Using the data below, output a verbatim copy of the lines between the one holding "Premium Dining Table & Chairs" and the one holding "2025 Lexus Is 300 F Sport Design - zdjęcie 7", inclusive, without any pictures.

**RECORDS SHOWN:**
===

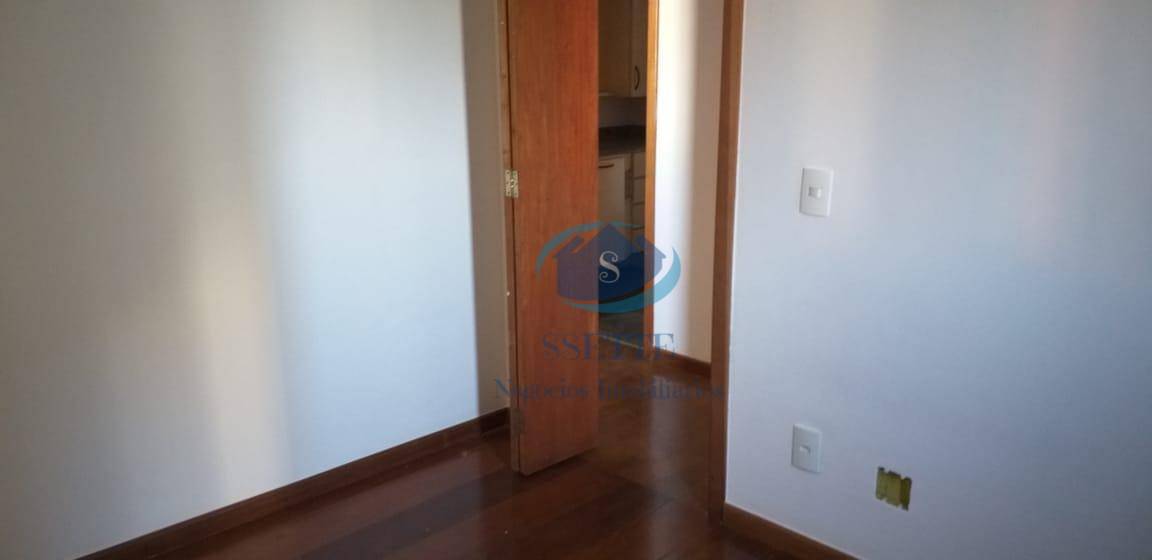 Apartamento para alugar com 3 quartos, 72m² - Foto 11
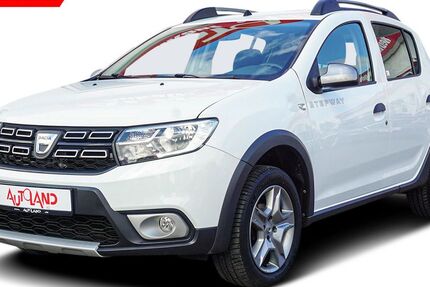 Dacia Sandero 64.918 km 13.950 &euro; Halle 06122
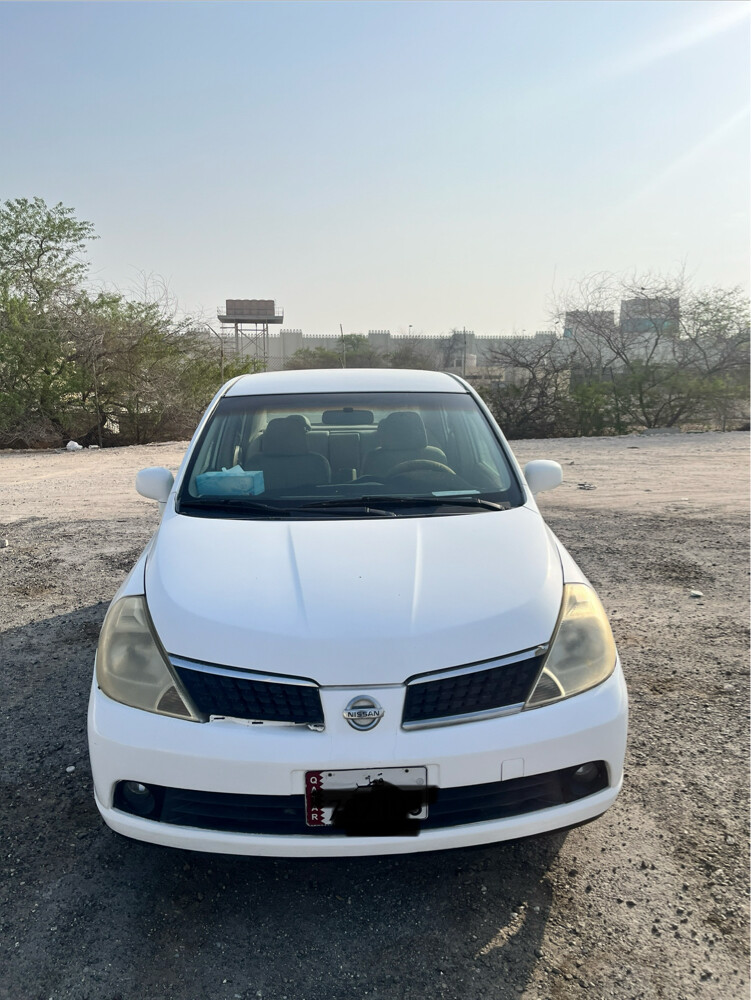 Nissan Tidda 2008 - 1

===

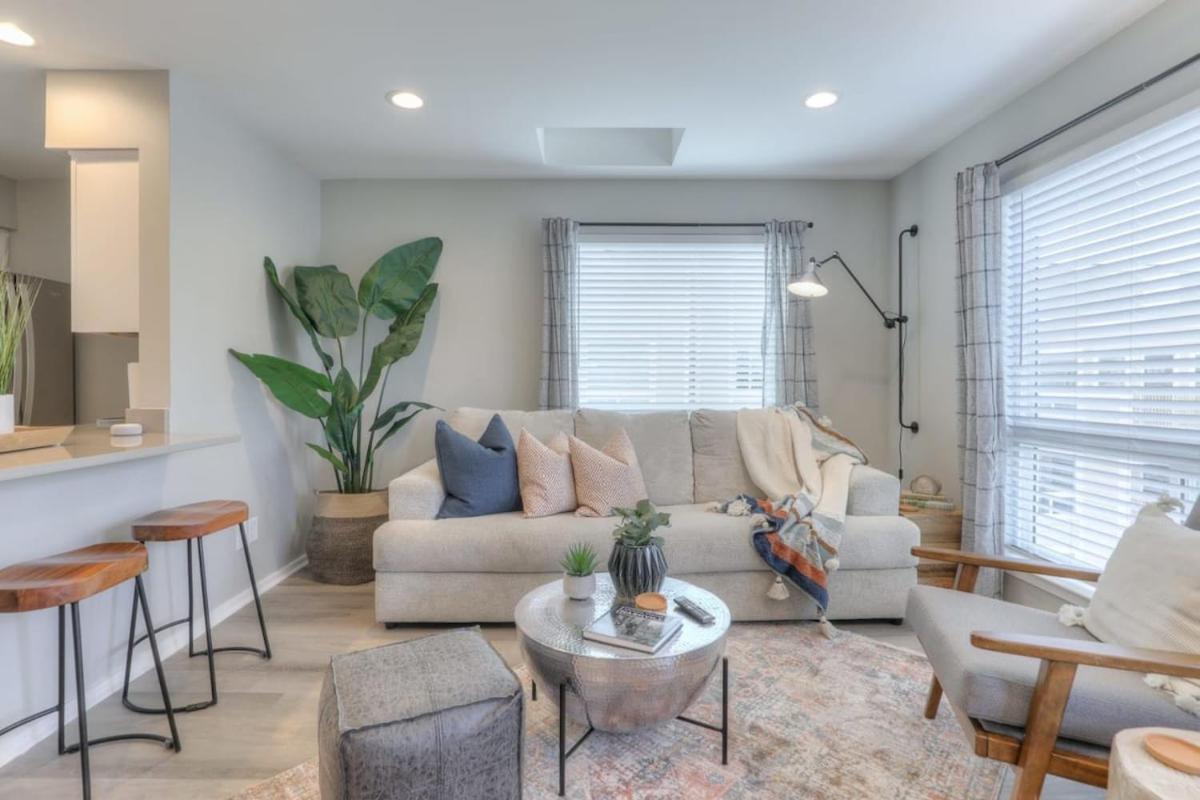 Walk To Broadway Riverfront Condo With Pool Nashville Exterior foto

===

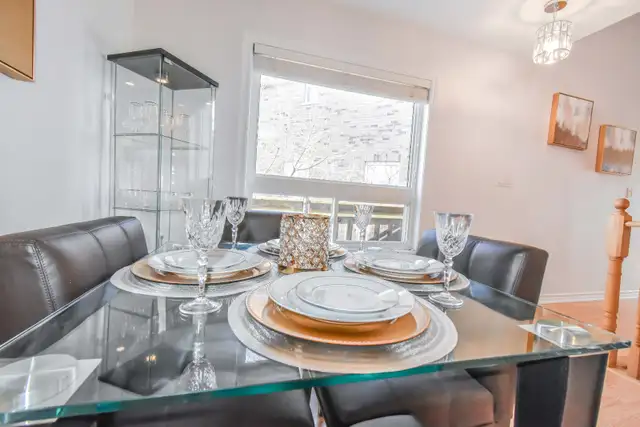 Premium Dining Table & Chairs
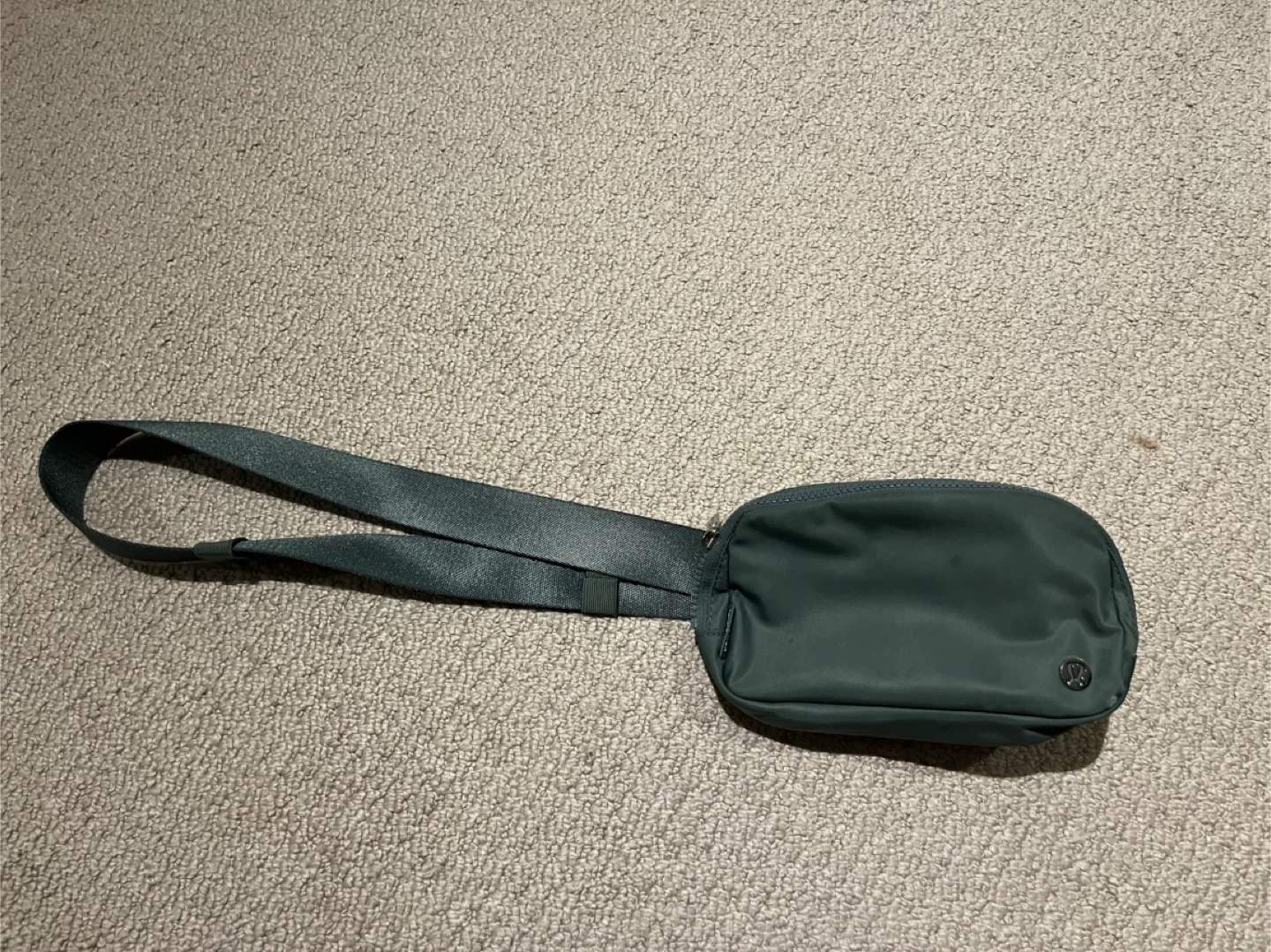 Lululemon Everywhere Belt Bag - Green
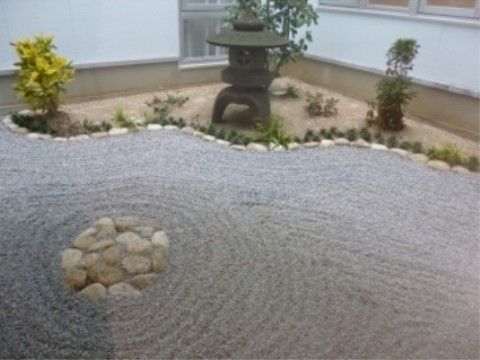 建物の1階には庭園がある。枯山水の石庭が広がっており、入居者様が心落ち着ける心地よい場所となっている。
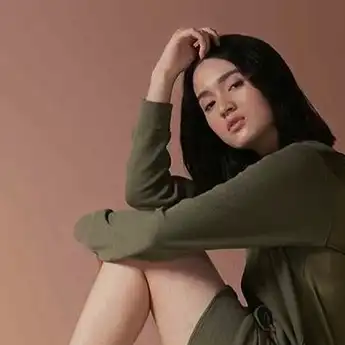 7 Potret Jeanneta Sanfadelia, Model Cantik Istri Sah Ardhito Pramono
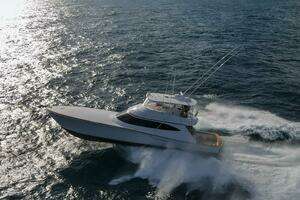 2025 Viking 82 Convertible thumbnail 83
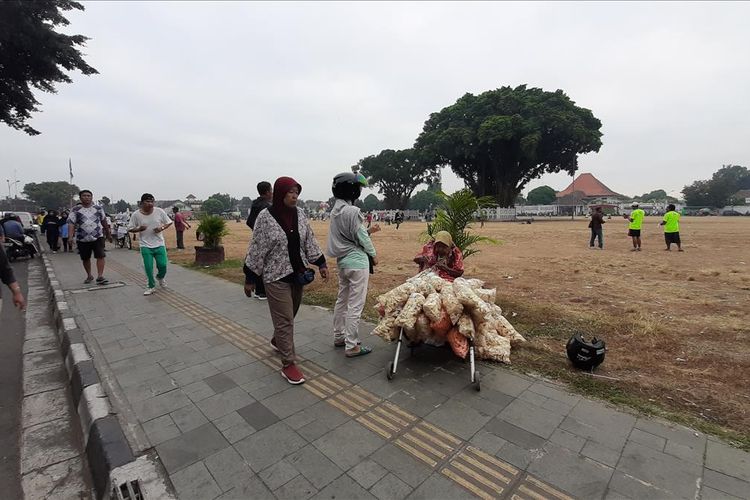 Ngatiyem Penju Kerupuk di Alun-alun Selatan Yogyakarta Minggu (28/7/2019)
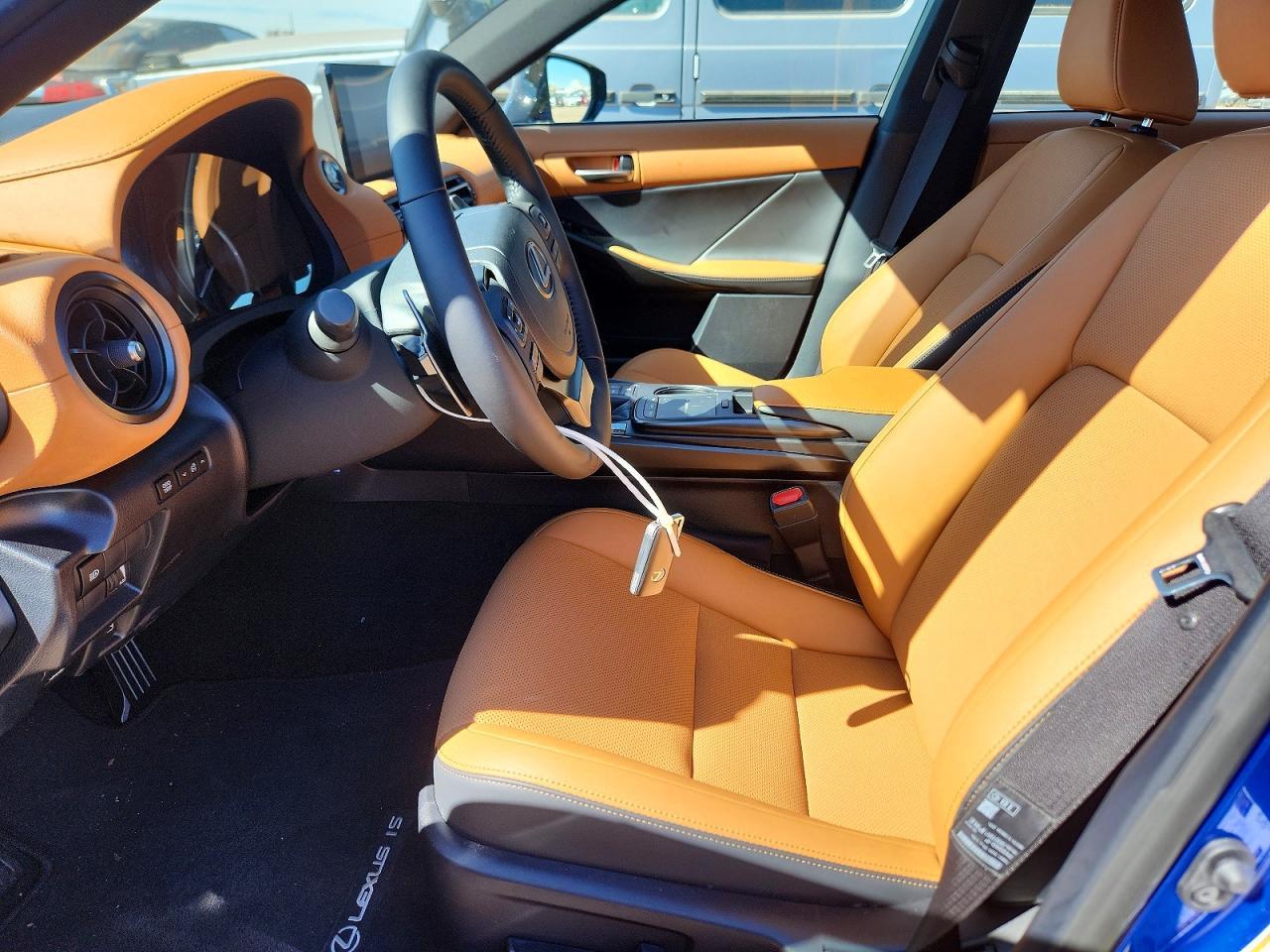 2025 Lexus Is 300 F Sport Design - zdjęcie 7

===

**REPLY TO THE EXERCISE:**
 Premium Dining Table & Chairs
 Lululemon Everywhere Belt Bag - Green
 建物の1階には庭園がある。枯山水の石庭が広がっており、入居者様が心落ち着ける心地よい場所となっている。
 7 Potret Jeanneta Sanfadelia, Model Cantik Istri Sah Ardhito Pramono
 2025 Viking 82 Convertible thumbnail 83
 Ngatiyem Penju Kerupuk di Alun-alun Selatan Yogyakarta Minggu (28/7/2019)
 2025 Lexus Is 300 F Sport Design - zdjęcie 7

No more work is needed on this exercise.